“I just try to stand still”
The young batsman had told me he was having trouble working out his pre-delivery movement, or trigger.
He is a thoughtful player and during the season had tied himself up in mental knots trying different triggers with no change to his batting performance. He knew it was time to get to the bottom of it.
The trouble with triggers
Back in the day, there was no such thing as a trigger move. You stood still and watched the ball. This method still has plenty of supporters today, but there is a problem.
Standing still doesn’t work for everyone.
Some people need a trigger. So, if you are one of those, “just standing still” is holding you back. But that’s a fact unknown to the guys who like to stand still.

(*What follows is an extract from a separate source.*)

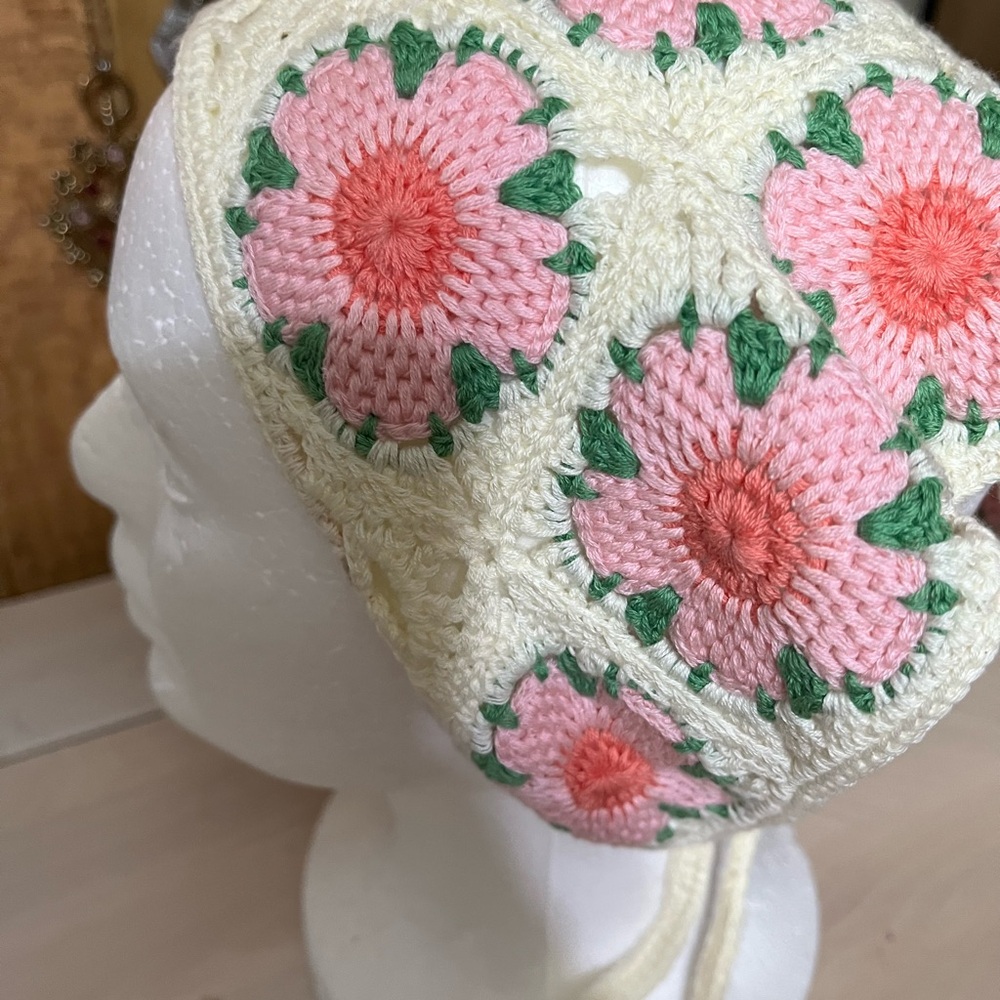 Handmade Crochet head scarf bandana head kerchief pink floral - Picture 3 of 6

Nonetheless, you see pre-delivery movements all the time in professional cricket for a reason. Triggers are effective at priming your body and mind for action. They help with rhythm and timing.
When they work.
And that’s the other trouble. Triggers are extra complexity and easy to get wrong. You might think you trigger like a pro but when you look on the video you end up almost tripping over your own feet.
Which brings us back to the lad at the start of this article.
Where are you now?
I threw a few balls for the player, asking him to just bat with no focus on triggers or anything else. After a dozen or so deliveries we reviewed on the PV/ONE video replay.
Despite his intention of standing still and watching the ball, we could see he was making an unconscious step towards the ball regardless of length: His trigger was a plant.
(A plant is when you respond to every ball by stepping forward the same way, regardless of length)
It was clear his body wanted to move, but it was also clear a plant was cutting off a lot of shots, especially off the back foot.
Listen to your body
We knew we needed to stop the plant, so I proposed we try and integrate a forward movement into a deliberate trigger move. I was hoping this would feel natural to the player and would click with him quickly rather than trying to force a difficult change on him.
The key point here is that you need to listen to what your body is telling you.
Standing still might work for you, or it might lead to an issue. Back and across could be the answer, or a forward press, but you can’t be sure until you try it and see how you respond. Usually, if it feels right, it works too.
After some underarm and overarm drills, some experimenting and some dead ends, we settled on a two step trigger move that echoed the plant. The difference was he got the front front movement done before the ball was bowled.
This allowed him to be ready to move forward or back again, while not locking him in to playing forward.
Once he got the timing of the movement right, I could see a marked improvement in his back foot play against bowling.
More importantly, it felt natural to do this. It was a simple timing adjustment, not a change of footwork. He started doing it right away.
And this is the ultimate goal of a trigger.
Do whatever you need to do to be ready to move in response to the ball.
For the player I was coaching, this was a small movement and slight pause as the ball was released. For you it might be to stand still or something else.
Experiment with it in nets and see what you can discover.
You’ll know quickly what feels right. Then work with it.